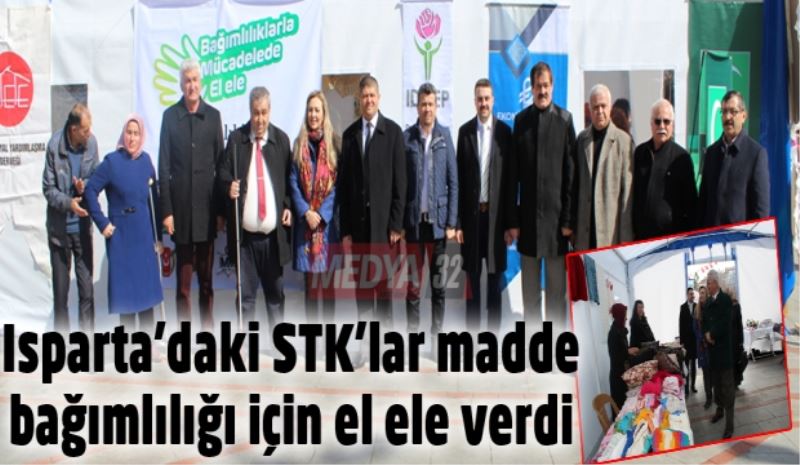 Isparta’daki STK’lar madde bağımlılığı için el ele verdi 
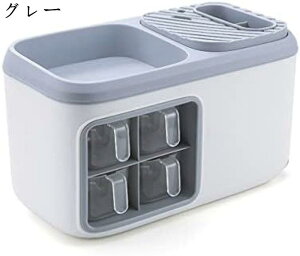キッチン収納 調味料入れ 調味料ボックス 収納ケース プラスチック 引き出し 整理 キレイに 収納 調味料 2段 箸立て 包丁収納 水切り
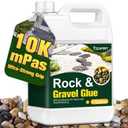 Teexpert 1 Gallon Rock Glue for Landscaping  Strong Pea Gravel Glue & Stone Glue Mulch Glue for Rock Adhesive Binder Sticky Rock Glue for Outdoor Landscape Walkways, Yards, Patios, Driveways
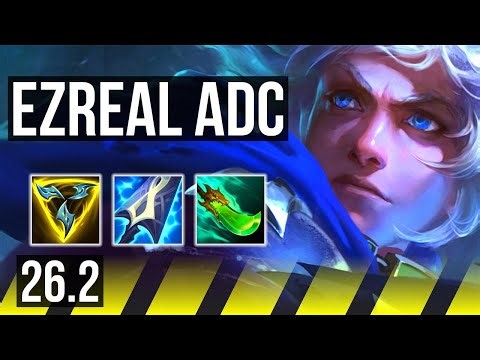 EZREAL & Poppy vs DRAVEN & Nautilus (ADC) | KR Challenger | 26.2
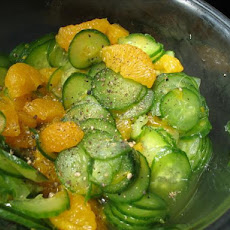 Sweet Cucumber and Mandarin Orange Salad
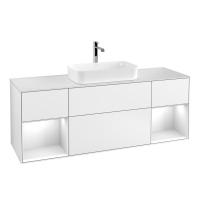 Тумба под раковину Villeroy & Boch Finion 1600х501 мм F331MTMT белый матовый/белый матовый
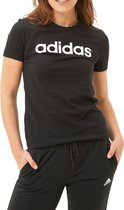 Adidas Essentials Slim Logo Shirt Zwart Dames - Maat XS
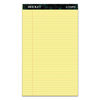 TOP63580 - Docket Ruled Perforated Pads, Wide/Legal Rule, 50 Canary-Yellow 8.5 x 14 Sheets, 12/Pack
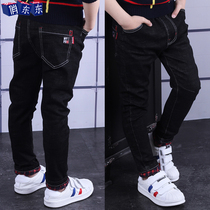 Boy jeans 2022 Spring and autumn clothes new Korean version foreign air children handsome boys pants CUHK children casual pants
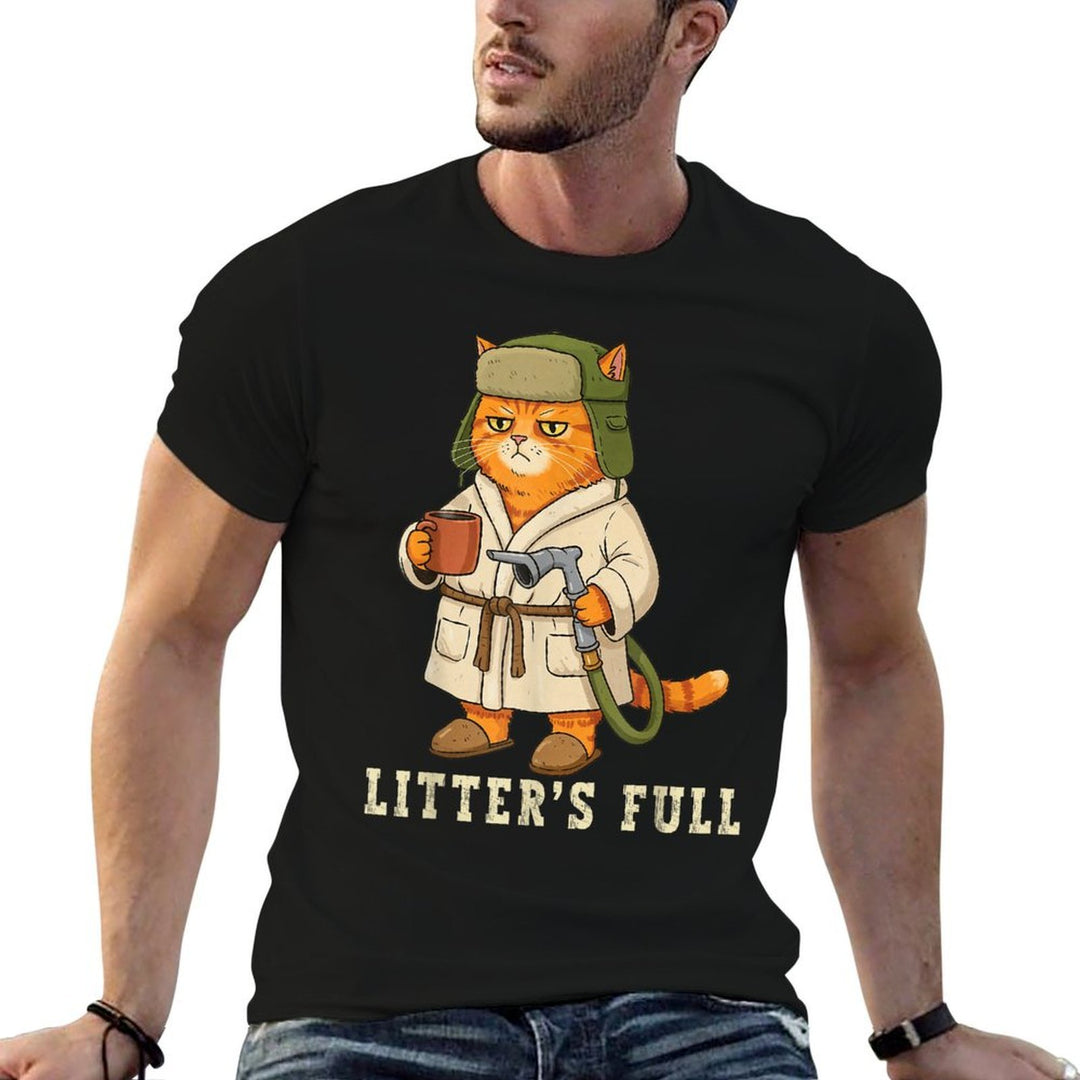 Litter’s Full Funny Cat Christmas Grumpy for Cat Lovers  Slim-fit Cut T-Shirt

========================================

_Your objective:_ Starting at the first line of the material above and ending with the line that contains "Sweet Cucumber and Mandarin Orange Salad", reproduce every line exactly, and leave out the pictures.

_Response area:_
 Isparta’daki STK’lar madde bağımlılığı için el ele verdi 
キッチン収納 調味料入れ 調味料ボックス 収納ケース プラスチック 引き出し 整理 キレイに 収納 調味料 2段 箸立て 包丁収納 水切り
 Teexpert 1 Gallon Rock Glue for Landscaping  Strong Pea Gravel Glue & Stone Glue Mulch Glue for Rock Adhesive Binder Sticky Rock Glue for Outdoor Landscape Walkways, Yards, Patios, Driveways
 EZREAL & Poppy vs DRAVEN & Nautilus (ADC) | KR Challenger | 26.2
 Sweet Cucumber and Mandarin Orange Salad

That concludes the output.